Basic Syntax of Vadalog
Preliminaries
Let C, V, N be sets of constants, variables or marked nulls, respectively.
The elements of such sets are known as terms. A syntactic expression of the form r(t1, t2, …, tn) is known as atom, where t1, t2, … tn are terms. An atom is said to be ground if it only contains constants.

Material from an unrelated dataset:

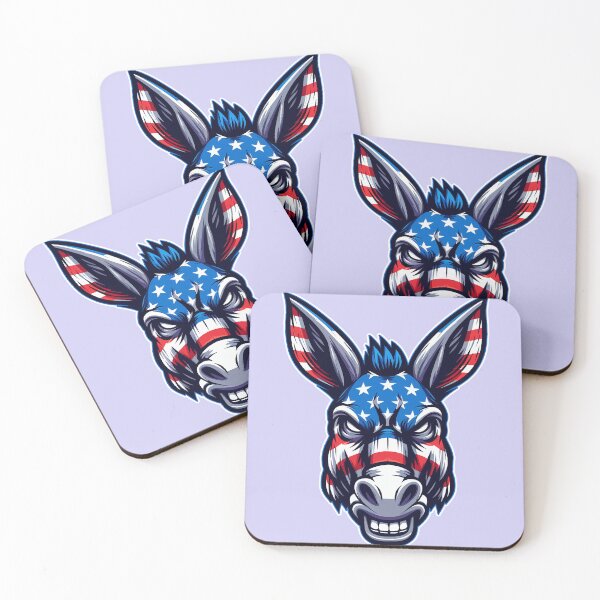 Item preview, Fierce Donkey Mascot – Democratic Party Symbol designed and sold by 3Tubes.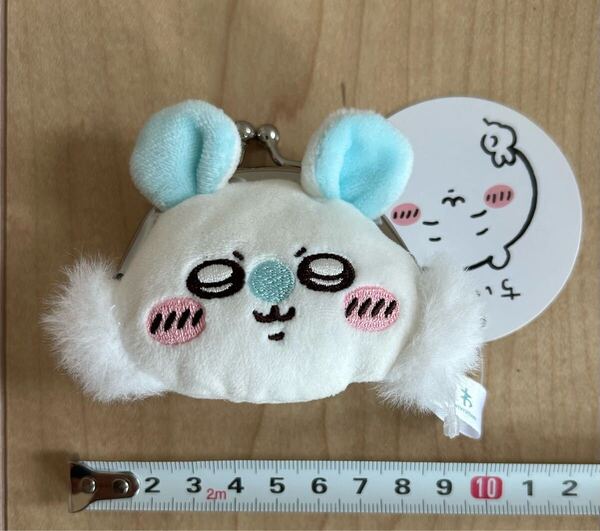 新品 送料無料 ちいかわ モモンガ ミニがま口ポーチ 財布 小物入れ ぬいぐるみ プライズ専用景品 限定 非売品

A ground atom is also known as fact.
Rules
A rule is an expression of the form
h :- b1, …, bn
where b1, …, bn
are the atoms of the body and h
is
the atom of the head.
The variables in the body are universally quantified, while the variables that appear in the head, but not in the body are existentially quantified.
A successful assignment of all the variables of the body of a rule results in a derivation for the rule head predicate, which is a successful activation of the rule. Vadalog programs use the set semantics, defined in a standard way in presence of existential quantification by the chase procedure.
Let us present some examples of rules.
a(X) :- b(X).
It generates facts for atom a
, given facts for atom b
. X
is a variable.
a(X,Z) :- b(X,Y),c(Y,Z).
a(X,Z) :- a(X,Y),a(Y,Z).
Given two facts for a
, it generates a third one.
A Vadalog (logic) program (or ontology) is a set P of rules and facts.
The following is an example shows a simple Vadalog program.
a(1).
c(1,2).
b(Y,X) :- a(X),c(X,Y).
@output("b").
a(1)
is a fact, b(Y,X) :- a(X),c(X,Y)
is a rule.
Observe that @output("b")
is an annotation and specifies
that the facts for b are in the output.
Linear rules
Linear rules are rules with one single atom in the body. They define facts of the head predicate, given facts of the single body predicate.
employee(1).
employee(2).
department(Y,X) :- employee(X).
@output("department").
For each employee X there exists a department Y. The expected result is:
department(z1,1). department(z2,2).
Facts
The simplest form of linear rule is a fact: a ground head-less linear rule.
employee("Jack").
employee("Ruth").
Datalog rules
Datalog rules are rules with multiple atoms in the body. They basically define facts of the head predicate, given facts of the body.
project(Z,X) :- employee(X), department(Y,X).
For each employee X in a department Y, there exists a project Z in which he participates.
If the atoms in the body do not have variables in common, the Cartesian product is assumed.
employee("Jack").
employee("Ruth").
department("science").
department("finance").
canWork(X,Y,Z) :- employee(X), department(Y).
@output("canWork").
Any employee X can work in any department Y on some unknown project Z. The expected result is:
canWork("Jack","science",z1). canWork("Jack","finance",z2). canWork("Ruth","science",z3). canWork("Ruth","finance",z4).
Constants within rules
Constants can appear in the atoms of the rules.
When they appear in the head, they denote specific constant values to be generated in the head facts.
When they appear in the body, they denote specific filters, or selection criteria, to be applied to the facts considered in the rule.
employee("Mark").
junior("Mark").
contract(X,"basic",20) :- employee(X),junior(X).
@output("contract").
A junior employee will have a "basic" contract, with stipend 20. The expected result is:
contract("Mark","basic",20).
employee("Mark","junior").
employee("Ruth","senior").
contract(X,"basic",20) :- employee(X,"junior").
contract(X,"advanced",40) :- employee(X,"senior").
@output("contract").
Any junior employee X will have a "basic" contract with stipend 20. Any senior employee X will have an "advanced" contract with stipend 40. Basically, the constants filter the facts to which the rules apply, in such a way that the one for basic contracts applies only to Mark, and the one for advanced contracts applies only to Ruth. The expected result is:
contract("Mark","basic",20). contract("Ruth","advanced",40).